I do not take matters on contingency. I do not run retainer arrangements that bill against an open hourly meter without a cap. Each matter turns on its facts and the engagement document controls.
Communication cadence
Email is the canonical channel for both new-matter inquiries and ongoing matters. My response window for substantive matters in the file is one business day; for new inquiries it is two business days. If a matter has a statute-of-limitations or filing-deadline trigger inside that window, say so in the subject line and I prioritize.
Calls are reserved for matters that genuinely cannot be handled in writing. They are scheduled, not impromptu. Most clients I work with never need one. A scheduled written exchange with attached documents produces a record both sides can re-read, forward to a partner or accountant, and rely on later; an unrecorded phone conversation produces neither.
Turnaround on standard deliverables, measured from the moment payment clears and the engagement is countersigned:
- Demand letters: same business day if intake clears before 12:00 Pacific, next business day otherwise.
- Contract review (review only): 24 to 48 hours for documents of standard length.
- Contract review plus revision: 2 to 5 business days depending on length and complexity.
- Pro se filing package: 3 to 5 business days.

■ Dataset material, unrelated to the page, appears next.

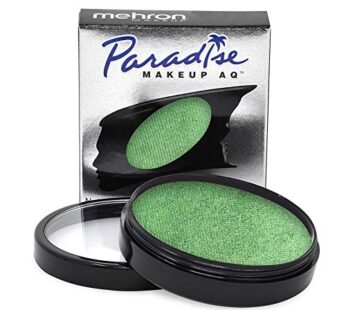 Mehron Makeup Paradise Makeup AQ Pro Size | Stage & Screen, Face & Body Painting, Special FX, Beauty, Cosplay, and Halloween | Water Activated Face Paint & Body Paint 1.4 oz (40 g) (Metallic Green)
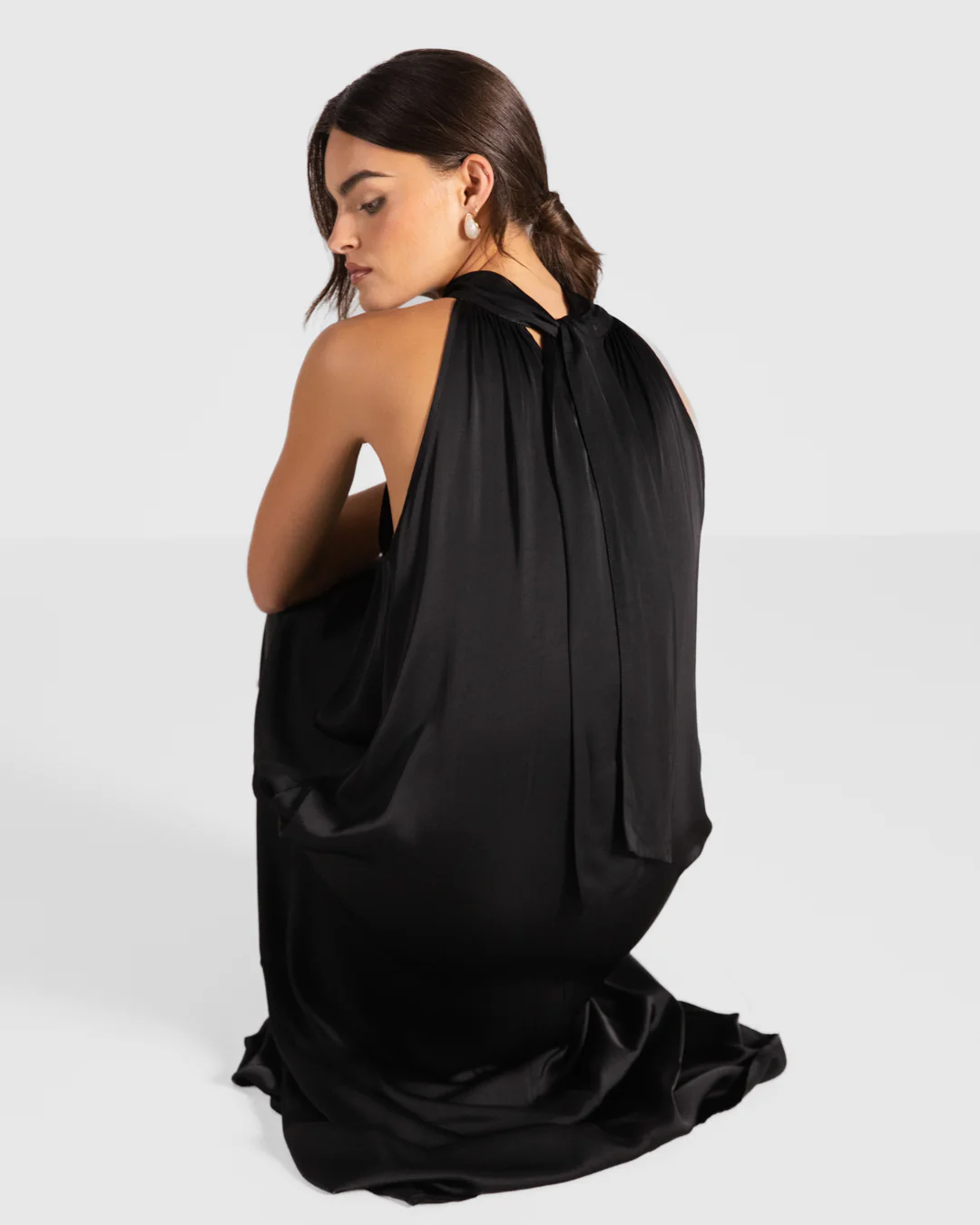Ruby Satin Halterneck Dress | Black - Image 5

- Business formation: 1 to 2 business days plus the state's own processing time.
These are working estimates, not guarantees. Each engagement agreement states the turnaround commitment for that specific matter.
Document handling
Documents come in by encrypted email or by a secure folder that I provision per-matter. The intake form on each service page also routes attachments directly to my working file system. For especially sensitive material (financial statements, source code, regulatory correspondence), I provision an access-restricted folder and remove access on matter close.
I retain the closed-matter file, including drafts, emails, and supporting exhibits, for seven years from the date of matter close. After seven years the file is deleted unless the client has asked me in writing to extend retention or to return the originals. Original documents the client sent me physically are returned on request; digital originals can be re-sent at any time during the retention period.
Future intake will route through /engage/ when that workflow is published. Until then, the canonical intake path is email with attachments to owner@terms.law or the matter-specific intake form on the relevant service page.
Conflict policy
Before I open any file, I run a conflict check against my open and recent matters. The check compares the new client's legal name and any business affiliates against parties, counterparties, and related entities in my existing files. If a direct or positional conflict surfaces, I tell the inquiring party in writing, return any documents that were shared during inquiry, and do not retain copies for my own use.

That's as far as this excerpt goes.